_Action item_:
In the listing below, the lines starting with the line with "Used 2022 GMC" and going on through the line with "Mid-Century Modern Danish" are to be reproduced exactly, and only those.

_Supplied material_:

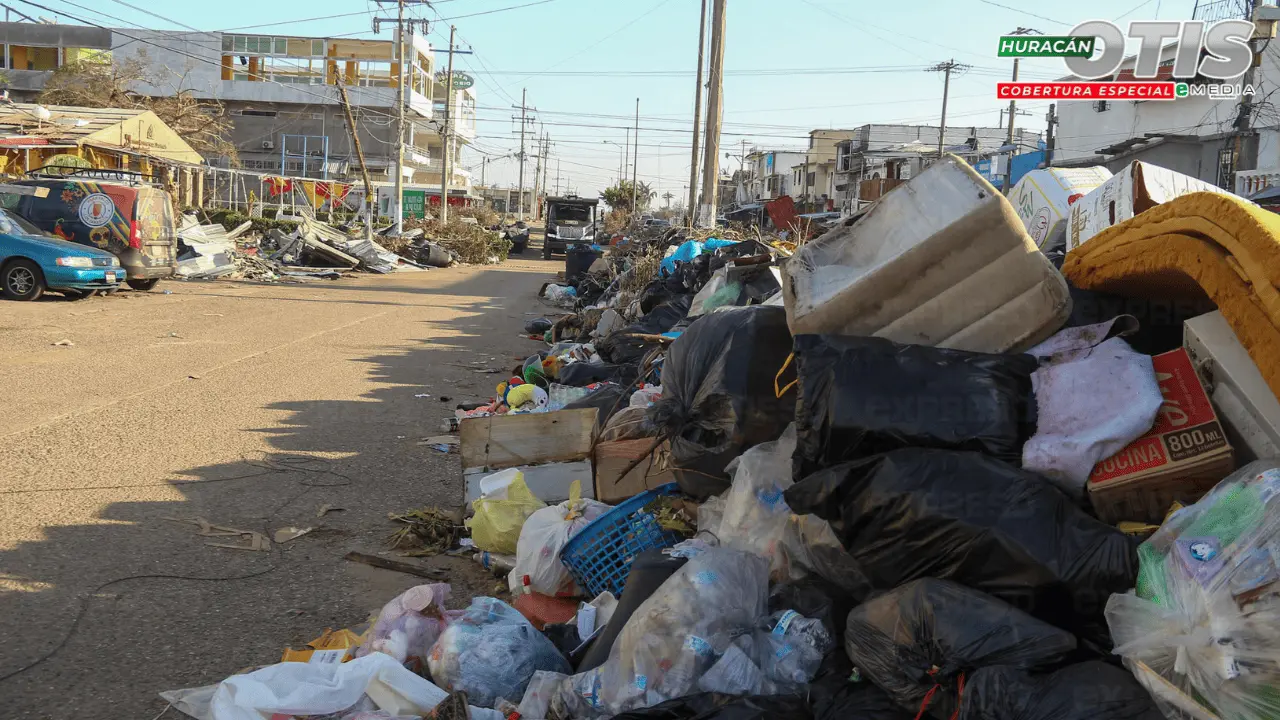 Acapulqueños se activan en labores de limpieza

--

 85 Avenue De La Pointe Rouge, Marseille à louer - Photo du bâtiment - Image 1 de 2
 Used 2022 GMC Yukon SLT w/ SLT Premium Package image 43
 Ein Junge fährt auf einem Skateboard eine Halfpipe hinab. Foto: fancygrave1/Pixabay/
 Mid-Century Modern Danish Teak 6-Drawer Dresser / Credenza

_Solution for this problem_:
 Used 2022 GMC Yukon SLT w/ SLT Premium Package image 43
 Ein Junge fährt auf einem Skateboard eine Halfpipe hinab. Foto: fancygrave1/Pixabay/
 Mid-Century Modern Danish Teak 6-Drawer Dresser / Credenza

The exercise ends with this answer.